For the first time in its 11-year history a Merseyside arts festival has attracted more than 1,600 visitors.
The 12th Annual Prescot Festival of Music & the Arts showcased big bands, orchestras, choirs and acoustic singers to draw in the crowds between 17 and 26 June.
Among this year’s highlights was a moving performance of Mozart’s Requiem, held to remember Prescot’s War dead in the 100th year since the town erected its War Memorial—among the first of its kind in the country.
The 10-day programme also included a screening of the 1977 BBC film Our Day Out, by special permission of Whiston-born writer Willy Russell, in honour of local character actor Bill Moores, who passed away in 2015. The event was the first to sell out when tickets went on sale in May.

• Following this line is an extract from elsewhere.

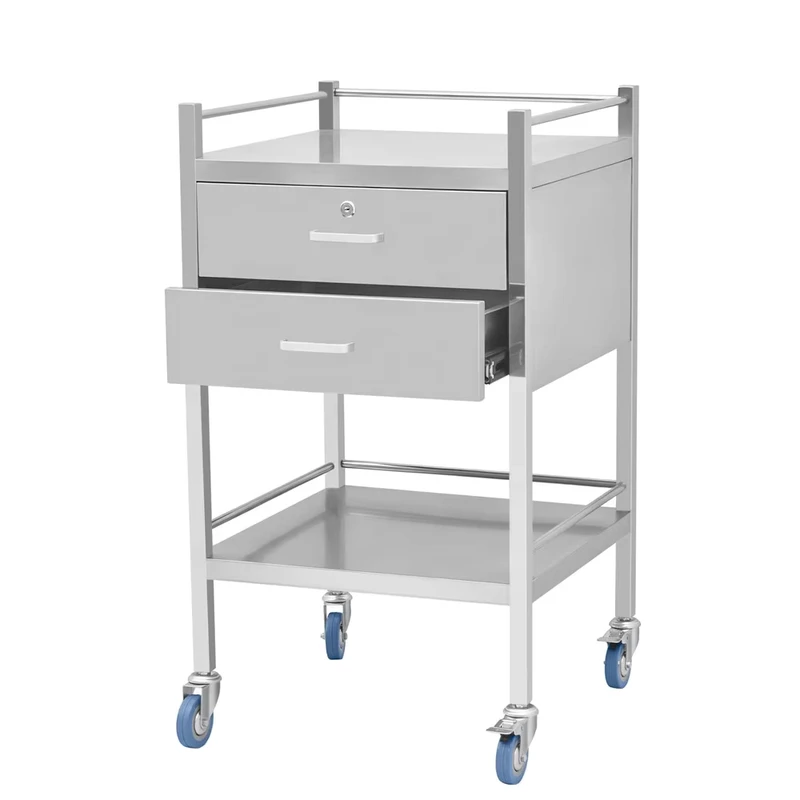 Movable Stainless Steel Hospital Medical Emergency Trolley Treatment Cart with 2 Drawers and 2 Shelves CY D402A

It was down to the South Liverpool Orchestra and trumpeter Hannah Mackenzie to draw the proceedings to a close on Sunday, with a Regal Festival Finale paying tribute to William Shakespeare and Her Majesty Queen Elizabeth II.
“We’ve consistently seen more than 1,400 annually for the last few years,” said Artistic Director Dr Robert Howard, “and it gives us great delight knowing that the number of people we’re attracting to our historic Lancashire town continues to grow.”
The committee have already pencilled in Friday 16 to Sunday 25 June 2017 for the 13th annual festival.